Entrevistas
Luiz Eduardo Soares: PEC da Segurança de Lula tem limitações, mas está na direção correta
Para o ex-Secretário Nacional de Segurança Pública, a proposta é feliz em romper o silêncio federal sobre segurança, mas mantém divisão problemática entre policiamento e investigação


A PEC da Segurança Pública, apresentada pelo governo Lula (PT) em reunião com governadores nesta quinta-feira, possui arestas a aparar, mas aponta na direção correta para fazer frente ao avanço do crime organizado no Brasil. A avaliação é de Luiz Eduardo Soares, antropólogo e ex-Secretário Nacional de Segurança Pública.

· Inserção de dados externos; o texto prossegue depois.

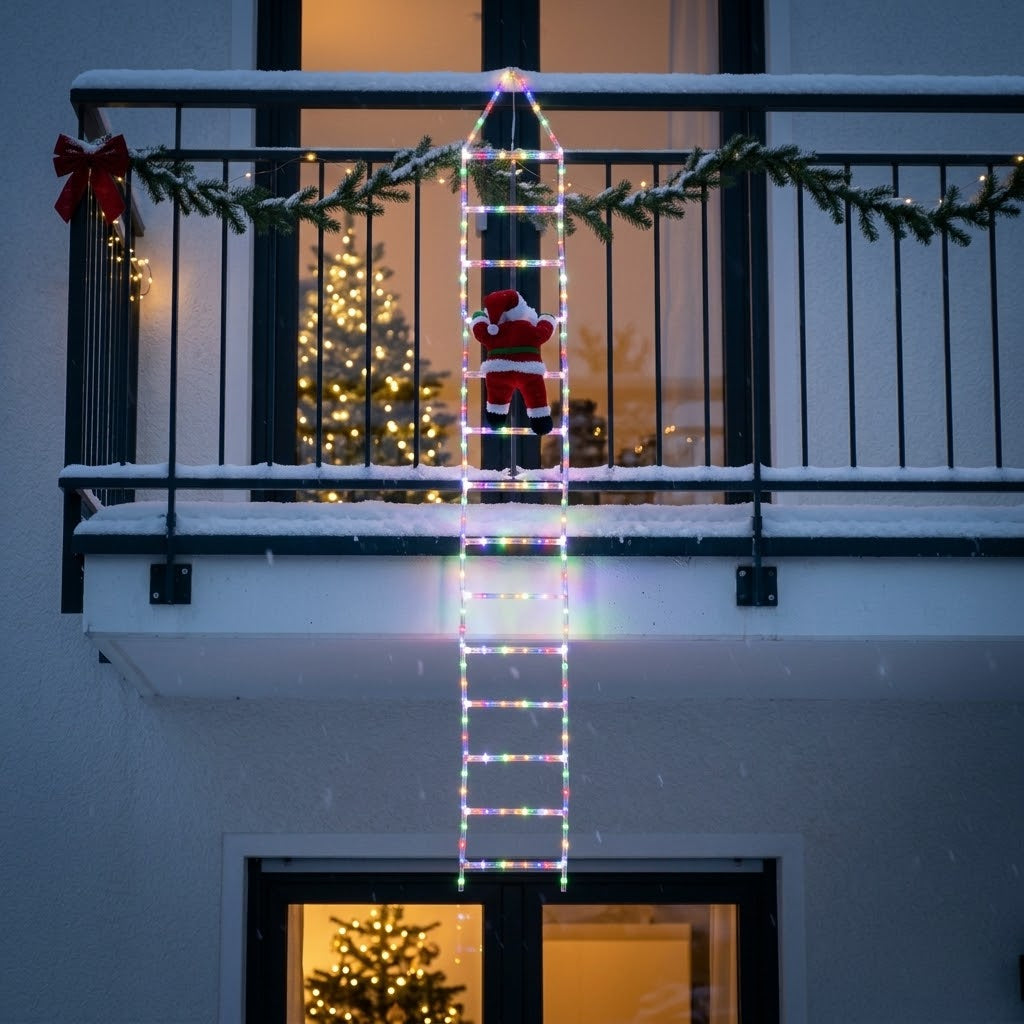 Kletternder Weihnachtsmann mit LED-Leiter, 2,4 m, IP67, mit Fernbedienung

O texto elaborado pelo Ministério da Justiça, sob a batuta de Ricardo Lewandowski, propõe mudanças constitucionais para dar à União maior poder de coordenação sobre políticas da área. Na prática, estabelece uma base legal para emitir diretrizes em todo o sistema de segurança, integrando dados e promovendo a atuação conjunta entre as polícias estaduais e a Polícia Federal.
Atualmente, cabe aos Estados gerenciar as políticas de segurança pública e coordenar as polícias civil e militar. Pela proposta, a Polícia Rodoviária Federal também passaria por mudanças: deixaria de atuar apenas nas rodovias, expandindo sua presença para portos, aeroportos, terras indígenas e fronteiras, transformando-se na Polícia Ostensiva Federal (POF).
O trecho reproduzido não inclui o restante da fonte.